╔══
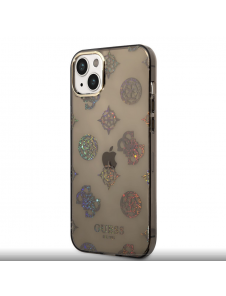 Guess PC/TPU Peony Glitter-fodral för iPhone 14 Plus Svart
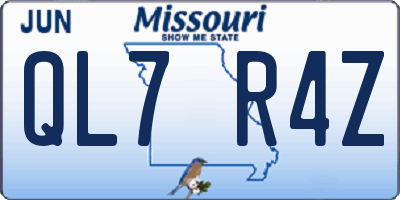 MO license plate QL7R4Z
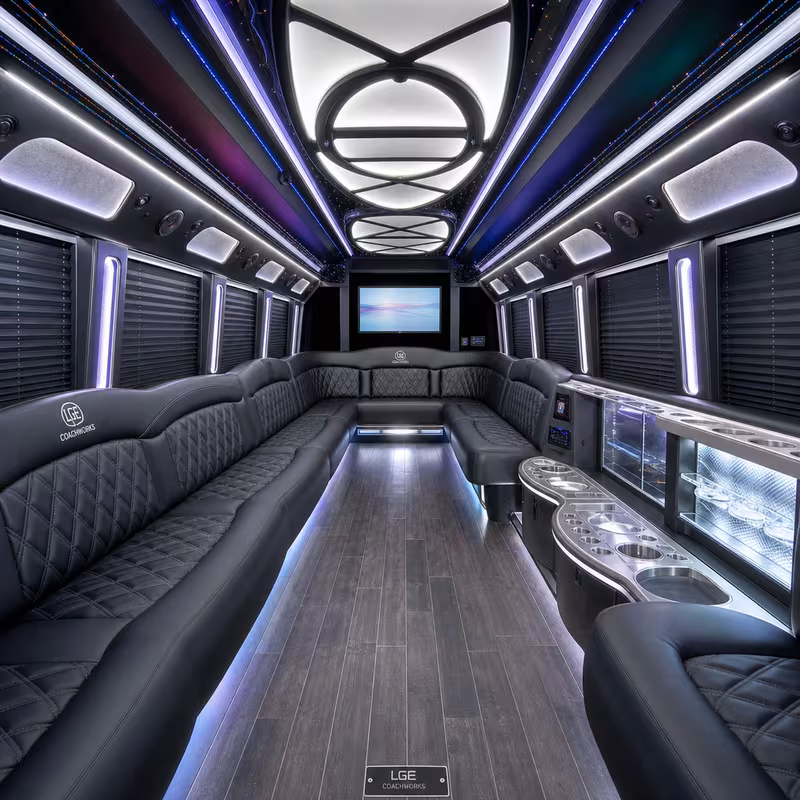 28 Passenger Party Bus Interior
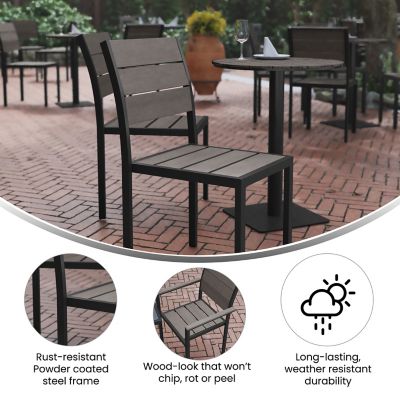 Image showing  Finch Commercial Grade Armless Patio Chair with Faux Teak Poly Slats and Metal Frame, Stackable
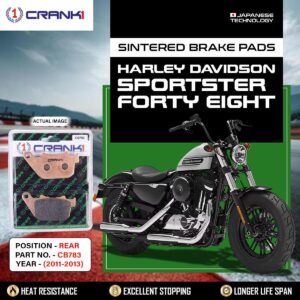 Sintered Brake Pads For Harley DavidsonŒæSportster Forty Eight (2011-2013) - Rear - CB783 - 1 Set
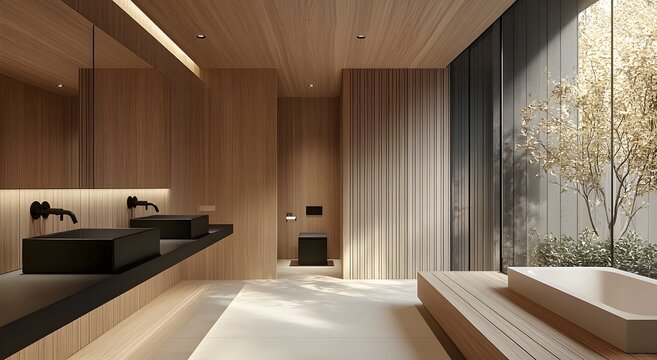 Wooden bathroom interior with matte black sink and toilet picture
╚══
▸ HOW TO COMPLETE THIS TASK
Repeat word for word, and nothing more, the lines between the line containing "28 Passenger Party Bus Interior" and the last line of the records above, inclusive, without pictures.

▸ SOLUTION FOR THIS PROBLEM
 28 Passenger Party Bus Interior
 Image showing  Finch Commercial Grade Armless Patio Chair with Faux Teak Poly Slats and Metal Frame, Stackable
 Sintered Brake Pads For Harley DavidsonŒæSportster Forty Eight (2011-2013) - Rear - CB783 - 1 Set
 Wooden bathroom interior with matte black sink and toilet picture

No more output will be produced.